Jess has lived here a little longer, moving in around Christmas-time last year. Unlike most in the house, she doesn’t class herself as an “artist”, instead working as a barmaid in a venue in town. Despite this, she says she feeds off the creative energy, and it was this that made her want to move in. 

“I’m like the only person who’d never really been to a party here before I moved,” she laughs. “But I was fascinated thinking about everyone that used to live here. It just seems like a rite of passage for so many people.”

Like many of the newer tenants, she doesn’t know the ins and outs of who used to inhabit the Garlic, and the stories its walls hold. But there are echoes of the past throughout the house. I learn that the piano in Will’s room once belonged to Ryan, and the etchings on a wall up in the Crow’s Nest depict a quote from the metaphysical poet John Donne — a favourite of former clove, Carol Ann Duffy. The books that remain littered throughout the house bear the names of those who owned them in a past life, scratched into the inside covers. 

I speak to Ollie, one of the two remaining tenants from Ryan’s time living in the Garlic. He’s been here five years now, and while he’s made attempts to move out on a number of occasions — looking to move to London and make new connections —  “the house has a way of bringing you back”. Of course, he remembers it in its party-fuelled heyday (his birthday party just two years ago was a spectacular occasion with floor to ceiling speakers and a whole roster of DJs rocking a living room stuffed with people), but he too feels the house has entered a new phase. 

Ollie’s seen a dozen tenants come and go over the years, and as he’s grown older he’s prioritised his work as a musician over the chaos of partying. Thankfully, the latest influx of tenants feel the same way — they all enjoy the quieter environment that now feels “more like a home than ever”. 

Ollie in his bedroom in the Garlic. Photo: Abi Whistance/The Post

“It's not all about work and music, it's just about real people and I think that's like the big one for me,” he says. 

It’s a sentiment Ryan echoes too. “It’s just a house at the end of the day,” Ryan says, “it should be somewhere that people can rest, they can come home, sit in the living room, have a cup of tea”.

The cultural significance of the Garlic Mansion doesn’t evade Ryan though. During his time living there he didn’t quite understand why the place was so important, but now he looks back and sees things in a different light. “It’s really quite a special place,” he says, noting that while there are probably versions of the Garlic Mansion in Manchester, Leeds or Sheffield, it’s unlikely there is a house that holds quite as much history — and quite as much fame – as the Garlic. 

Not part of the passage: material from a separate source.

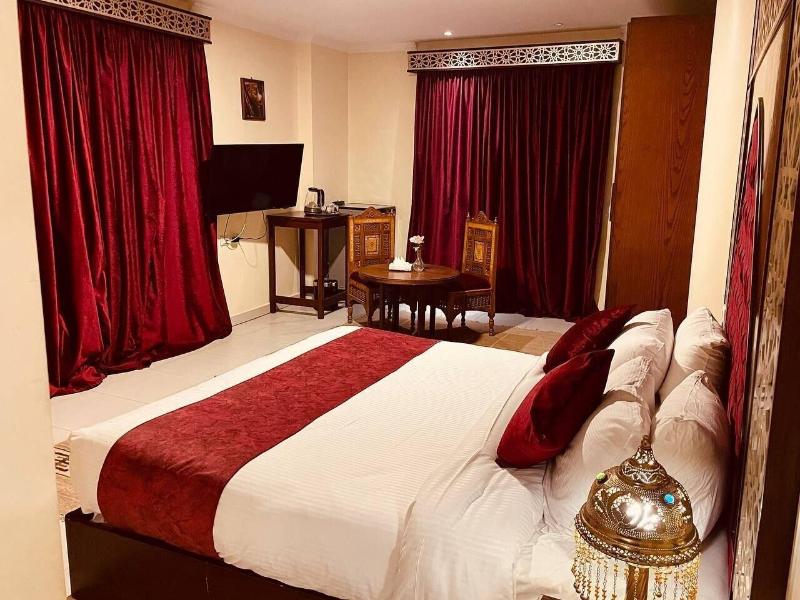 Pyramids Tower Inn - Oda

In a world where it is getting harder for creatives to thrive, the Garlic Mansion gives its residents an opportunity to experiment, to make mistakes and be inspired by each other’s art. “I don’t think there’s many places like it, in terms of a home that’s also a creative practice,” Will says. While there are clubs that DJs frequent, dive bars that guitarists drink in and community clubs dancers practice in, seldom do you get a space that ties those people together. “Here, through naturally trying to find a place to live, we’ve created such diversity,” Will says, “and I think that’s really cool.”

As time goes on, and the lore around the Garlic Mansion beds in deeper, its gravitational pull for young creatives continues to grow. In some ways — thanks to the rise of social media and its newfound fame on the map in Rough Trade — the house in itself has become the celebrity it once sheltered. “Its success and career thrives off kind of being in the public eye, right?” Ryan says. “But at the same time when you ask celebrities what they value, they’d say their privacy”. In his mind, for it to go on existing the Garlic must balance this duality of fame and reclusive solitude.